O imóvel tem mais de 2 mil metros quadrados e fica em condomínio fechado. As tratativas iniciais para o aluguel teriam sido conduzidas pela lobista Roberta Luchsinger, mas, no momento da oficialização do negócio em 2024, a imobiliária declarou que o locatário registrado foi Rafael Arbex. Depois dessa primeira intermediação, as renovações e os contatos teriam passado a ser feitos diretamente com o proprietário.
O aluguel mensal do imóvel seria de R$ 28 mil. O dono do imóvel se recusou a comentar o assunto, amparando-se no acordo de sigilo firmado com os inquilinos. Informações indicaram ainda que Arbex, que é sócio de duas empresas, não foi localizado nos contatos registrados em bases públicas.
Arbex já havia aparecido no noticiário relacionado ao caso do sítio de Atibaia: ele atuou como testemunha de defesa de Fernando Bittar durante investigações da Operação Lava-Jato. Em depoimento na 13ª Vara Federal de Curitiba, em 2018, o dentista afirmou que morava gratuitamente no sítio a convite de Bittar e negou que a família do presidente frequentasse a propriedade — decisão que chegou a gerar uma condenação, posteriormente anulada pelo Supremo Tribunal Federal em 2021.

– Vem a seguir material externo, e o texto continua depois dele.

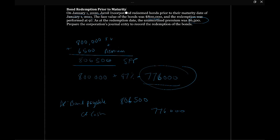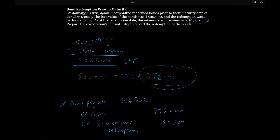But now, of course, our journal entry doesn't balance. So what's the other side? Well, the other side is going to be a gain or a loss. In this situation, it's a gain because we bought back the bonds for less than we had them valued on our statement of financial position. So it's going to be a credit gain on bond redemption, and it's going to be the difference between these two amounts, which is going to be $30,500. And once we've booked that journal entry, the bond payable would be removed from our statement of financial position. We would have settled the bonds in cash and we would have recorded this gain. So this would have gone through our income statement.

O uso da mansão tem recebido atenção: relatos de ex-funcionários da lobista informaram que o local não servia como moradia fixa, mas como base para reuniões discretas. Uma das trabalhadoras indicou que Lulinha, filho do presidente, e a lobista iam ao local cerca de duas vezes por mês e que Marco Aurélio Santana Ribeiro, conhecido como Marcola, ex-chefe de gabinete do presidente, teria participado de um desses encontros.
Também foi citado um relacionamento financeiro entre a lobista e Marcola, com pagamentos no total de R$ 249 mil para despesas do ex-assessor, entre elas joias no valor de R$ 9 mil. A defesa de Marcola informou que o montante já foi devolvido à lobista.
A defesa de Fábio Luís da Silva, o Lulinha, negou qualquer irregularidade relativa ao uso da mansão e afirmou que ele jamais morou no imóvel do Lago Sul, além de rechaçar a participação dele em reuniões com empresários intermediadas pela lobista. A defesa de Roberta Luchsinger não retornou os contatos até o fechamento da matéria.